If you fillet your redfish don't forget to keep run you knife along the bottom of the gill plate to remove the two pectoral fins with the flesh attached. The same way people remove snapper "throats."

Start keeping sheepshead if you don't already. They make the best ceviche. They are also nice to grill whole while sitting around the camp at night. The yield is low, but if you grill them whole it doesn't really matter. If there are kids around, make them useful and enlist them to do your sheep fishing along the bulkhead. This strategy has never failed me.


----------



## Mike C

Megalops said:


> Hi Mike C! No these were not from Saturday just an older pic. It was nice chatting with you, we should plan a trip or two in future. Good job on the fish action.


I really appreciate the location tip. Rebecca was stoked when she hooked into that first fish. She got really sad when it hit the the piling and came off. 
I'm always up for another fishing trip. Got lots of time since I'm retired.


----------



## jimsmicro

Cook them? I thought this was a website for fly chucking push poling catch and release tree huggers?

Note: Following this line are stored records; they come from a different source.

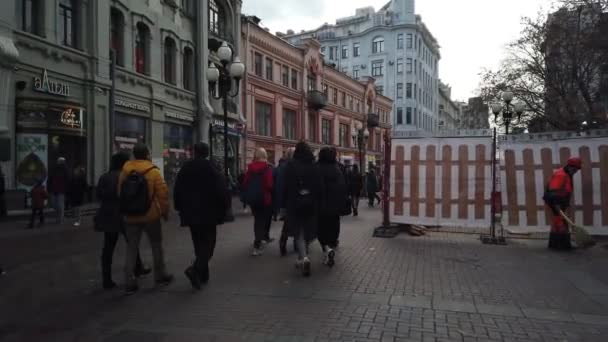 Жовтня 2019 Арбат Стріт Москва Росія Туристи Йдуть Старій Вулиці — стокове відео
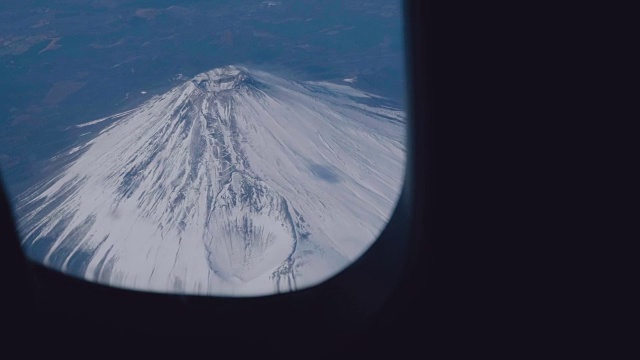 白雪覆盖的富士山鸟瞰图。视频素材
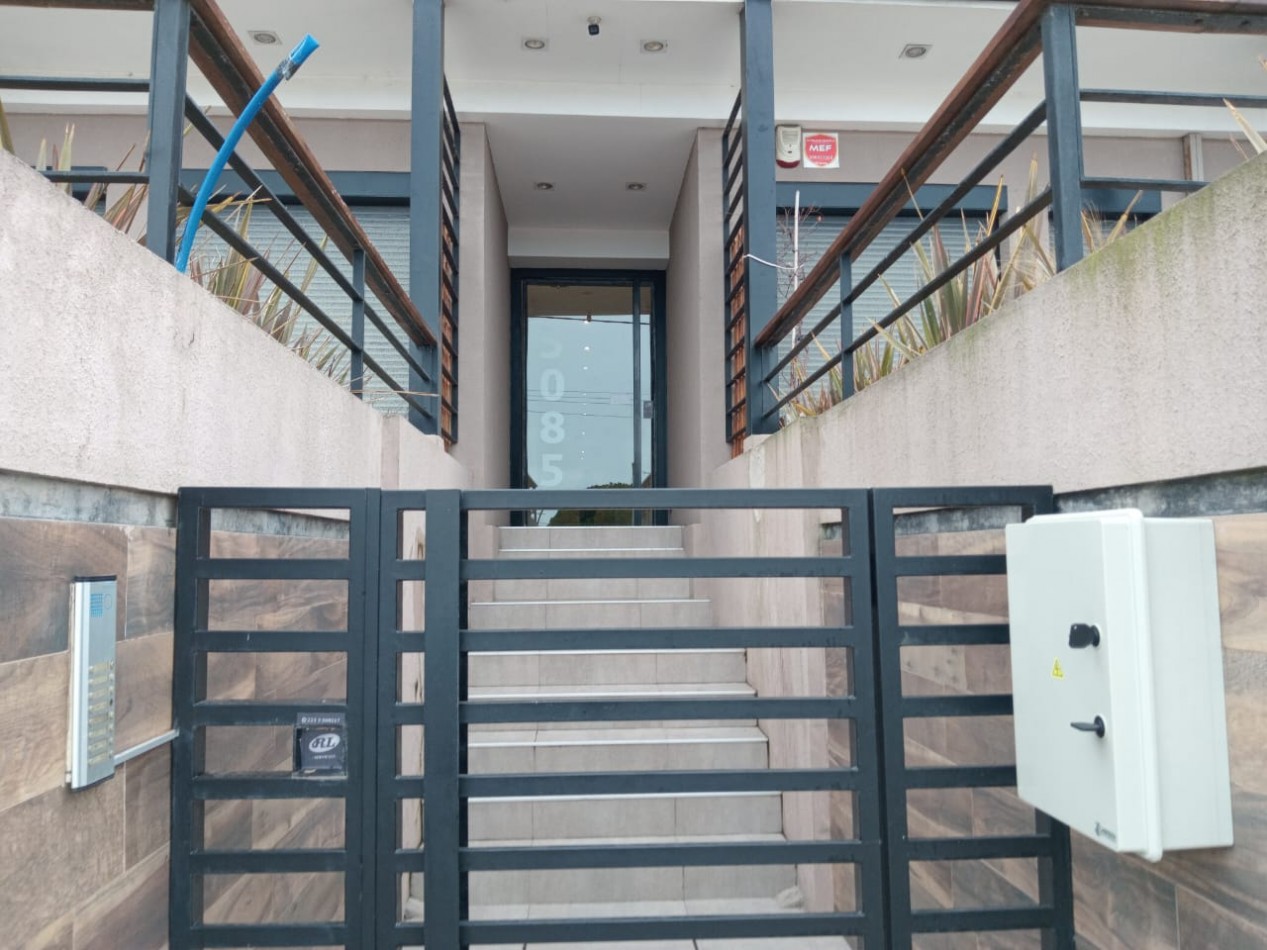 DEPARTAMENTO CON PATIO , EDIFICIO FRENTE AL MAR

I batter and fry the white flakey fish with some home made french fries to eat ton the patio with some home made beer. Reds and any other darker meat fish get thrown back where they belong for the most part.


----------



## permitchaser

I read this hole thread and I'm so darn hungry now....


----------



## Hardluk81




----------



## anytide

cut in even pieces or fingers.
fried in 2/1 cornmeal over flour
ol bay
salt n pepper
black bass pictured.


----------



## LowHydrogen

Just had a killer 16oz strip. I couldn't eat a bite, but come to this thread instantly wish I had some fresh fish, and wish I was home, and not in Oklahoma lol.


----------



## yobata

I'm going to panko the flounder I caught today and sauté it butter/olive oil


----------



## gaman

I grill or bake all my fish. Frying fish is an art I have never perfected and neither has most restaurants.


----------



## Capnredfish

Nice toasted bun, beer battered with homemade pear/cabbage slaw on top, home made tarter or remolaude and fresh squeezed lemon. 
For snapper, 98.3 degrees and without slaw.


----------



## crboggs

Baked or blackened typically. 

But I've been known to scale, gut, and grill smaller snapper (vermillion especially) whole after rubbing them with olive oil and stuffing them with crushed garlic and lemon slices...


----------



## EdK13

FISH BREADING

1 cup yellow cornmeal or half and half yellow cornmeal and cracker crumbs. If you use crackers, ditch the salt.
1 teaspoon salt 
1/2 teaspoon pepper 
1/2 teaspoons paprika 
1/2 teaspoon dry mustard 
1/2 teaspoon onion powder 
1/2 teaspoon garlic powder

Beat an egg or two and dip your fish, then roll it in your coating. If you want extra thick coating, do it again. I usually add salt to egg for loosening. Fry or saute.

Simple Simona

LA Hot sauce
Wet Mustard
Red Pepper
Corn Meal
Brined Trout Fillets

Place bite sized pieces in a bowl. Coat with LHS, Mustard, and sprinkle-sprinkle cayenne pepper
Toss and put in fridge for ten minutes. Dredge in Corn meal and fry to perfection.

BEER BATTER 

1 can beer 
1 egg (or if it turns out too greasy, two egg whites)
1 cup self rising flour
2 tablespoons garlic powder 
2 tablespoons onion powder 
1 teaspoon dry mustard
1 teaspoon each salt and pepper
1/4 teaspoon cayenne

Beat all ingredients and have an extra plate to the side of plain flour.. 1/4 to 1/2 cup maximum. 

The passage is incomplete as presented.